Communication of climate urgency
Continue using its platform and leadership position to communicate investors’ responsibility and agency to affect the trajectory toward net-zero.
“Walk the talk”: align with its own statements on climate urgency by phasing out investments in oil and gas.
Climate engagement
Strengthen Paris-aligned, outcomes-based engagement to include time-bound criteria and a process that escalates to divestment to ensure companies rapidly develop profitable and credible net-zero pathways.
Continue strengthening climate-related proxy voting guidelines as per considered revisions in Climate Stewardship Plan.
Set an expectation that owned companies:
tie executive compensation to the achievement of climate targets;
not lobby against climate-aligned policy; and
refrain from directing capital toward fossil fuel expansion.
Build on climate engagement by filing climate-related shareholder resolutions and publicly highlighting climate resolutions or climate-related votes against directors.
Continue climate engagement of external managers and report progress.
Establish timebound, results-based targets for engaging with external fund managers on Paris-alignment.
Require that all new or renewed external fund manager contracts adhere to a Paris-aligned investment strategy.
Build on public advocacy for standardized climate risk disclosure and a sustainable finance taxonomy.
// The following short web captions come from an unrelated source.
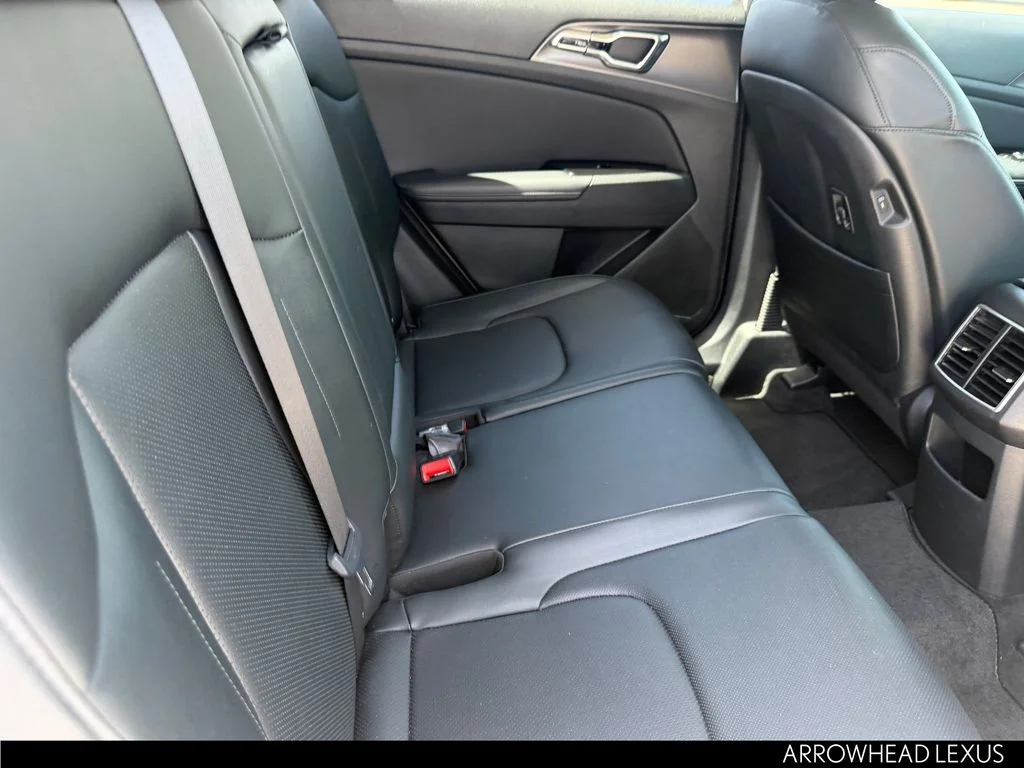 Used 2023 White Kia SX image 13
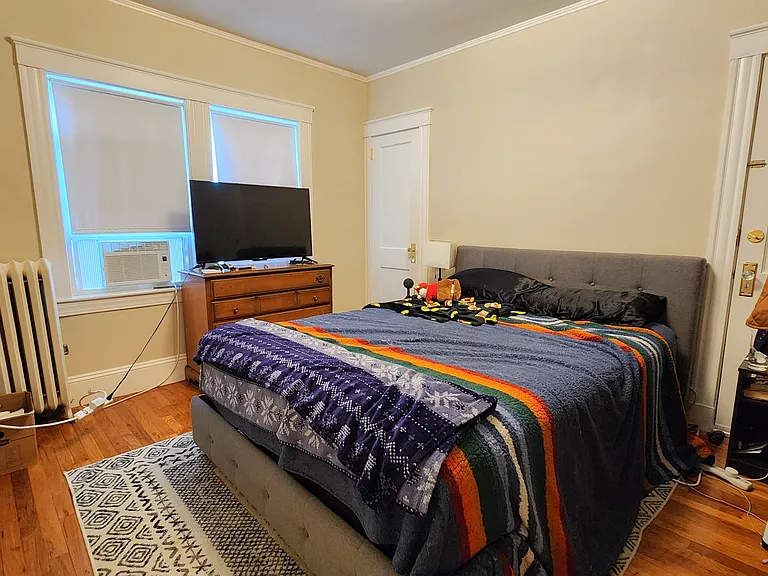 62 Westminster Ave — Photo 9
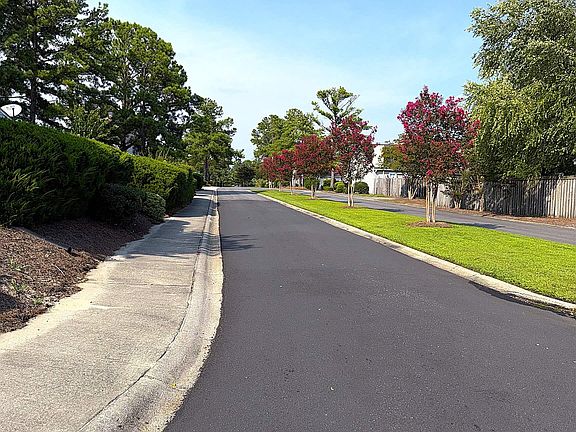 3rd image of 1 Coachtrail Ln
Become a vocal proponent of stringent, ambitious, Paris-aligned climate and energy policies that provide certainty for companies and investments.
Stop engaging sectors that cannot credibly align with net-zero.
Climate integration
Require climate expertise on the Board of Trustees.
Tie executive and staff compensation to the achievement of climate targets.
Complete 1.5°C scenario analysis and disclose results.
Continue to improve portfolio coverage and quality of emissions data.
Fossil fuel exclusions
Place an exclusion on any new investments in oil, gas and pipelines.
Continue to strengthen coal exclusion.
Divest from fossil fuel producers.
Commit to a timebound and managed phaseout of existing fossil fuel assets.